I know a lot of a compiler's optimizations can be rather esoteric, but my example is so straightforward I'd like to see if I can understand, if anyone has an idea what it could be doing.
I have a 500 mb text file. I declare and initialize an fstream:
std::fstream file(path,std::ios::in)
I need to read the file sequentially. It's tab delimited but the field lengths are not known and vary line to line. The actual parsing I need to do to each line added very little time to the total (which really surprised me since I was doing string::find on each line from getline. I thought that'd be slow).
In general I want to search each line for a string, and abort the loop when I find it. I also have it incrementing and spitting out the line numbers for my own curiosity, I confirmed this adds little time (5 seconds or so) and lets me see how it blows past short lines and slows down on long lines.
I have the text to be found as the unique string tagging the eof, so it needs to search every line. I'm doing this on my phone so I apologize for formatting issues but it's pretty straightforward. I have a function taking my fstream as a reference and the text to be found as a string and returning a std::size_t.
long long int lineNum = 0;
while (std::getline (file, line))
{
pos = line.find(text);
lineNum += 1;
std::cout << std::to_string(lineNum) << std::endl;
if (pos != -1)
return file.tellg():
}
return std::string::npos;
Edit: lingxi pointed out the to_string isn't necessary here, thanks. As mentioned, entirely omitting the line number calculation and output saves a few seconds, which in my preoptimized example is a small percent of the total.
This successfully runs through every line, and returns the end position in 408 seconds. I had minimal improvement trying to put the file in a stringstream, or omitting everything in the whole loop (just getline until the end, no checks, searches, or displaying). Also pre-reserving a huge space for the string didn't help.
Seems like the getline is entirely the driver. However...if I compile with the /O2 flag (MSVC++) I get a comically faster 26 seconds. In addition, there is no apparent slow down on long lines vs short. Clearly the compiler is doing something very different. No complaints from me, but any thoughts as to how it's achieved? As an exercise I'd like to try and get my code to execute faster before compiler optimization.
I bet it has something to do with the way the getline manipulates the string. Would it be faster (alas can't test for a while) to just reserve the whole filesize for the string, and read character by character, incrementing my line number when I pass a /n? Also, would the compiler employ things like mmap?
UPDATE: I'll post code when I get home this evening. It looks like just turning off runtime checks dropped the execution from 400 seconds to 50! I tried performing the same functionality using raw c style arrays. I'm not super experienced, but it was easy enough to dump the data into a character array, and loop through it looking for newlines or the first letter of my target string.
Even in full debug mode it gets to the end and correctly finds the string in 54 seconds. 26 seconds with checks off, and 20 seconds optimized. So from my informal, ad-hoc experiments it looks like the string and stream functions are victimized by the runtime checks? Again, I'll double check when I get home.

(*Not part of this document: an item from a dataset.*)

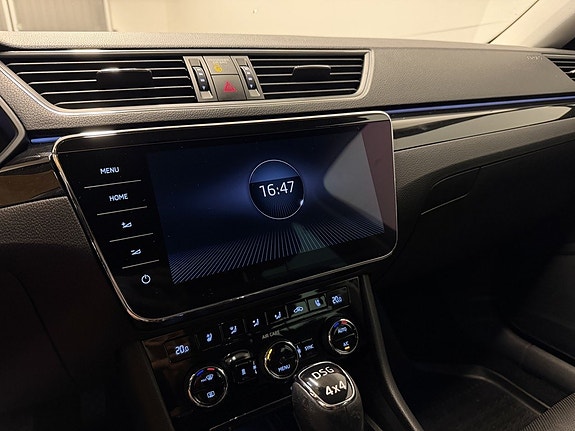 Skoda Superb 11 of 26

The reason for this dramatic speedup is that the iostream class hierarchy is based on templates (std::ostream is actually a typedef of a template called std::basic_ostream), and a lot of its code is in headers. C++ iostreams take several function calls to process every byte in the stream. However, most of those functions are fairly trivial. By turning on optimization, most of these calls are inlined, exposing to the compiler the fact that std::getline essentially copies characters from one buffer to another until it finds a newline - normally this is "hidden" under several layers of function calls. This can be further optimized, reducing the overhead per byte by orders of magnitude.
Buffering behavior actually doesn't change between the optimized and non-optimized version, otherwise the speedup would be even higher.

Related

Is seekg or ignore more efficient?

I'm using C++ to write a very time-sensitive application, so efficiency is of the utmost importance.
I have a std::ifstream, and I want to jump a specific amount of characters (a.k.a. byte offset, I'm not using wchar_t) to get to a specific line instead of using std::getline to read every single line because it is too inefficient for me.
Is it better to use seekg or ignore to skip a specified number of characters and start reading from there?
size_t n = 100;
std::ifstream f("test");
f.seekg(n, std::ios_base::beg);
// vs.
f.ignore(n);
Looking at cplusplus.com for both functions, it seems like ignore will use sbumpc or sgetc to skip the requested amount of characters. This means that it works even on streams that do not natively support skipping (which ifstream does), but it also processes every single byte.
seekg on the other hand uses pubseekpos or pubseekoff, which is implementation defined. For files, this should directly skip to the desired position without processing the bytes up to it.
I would expect seekg to be much more efficent, but as others said: doing your own tests with a big file would be the best way to go for you.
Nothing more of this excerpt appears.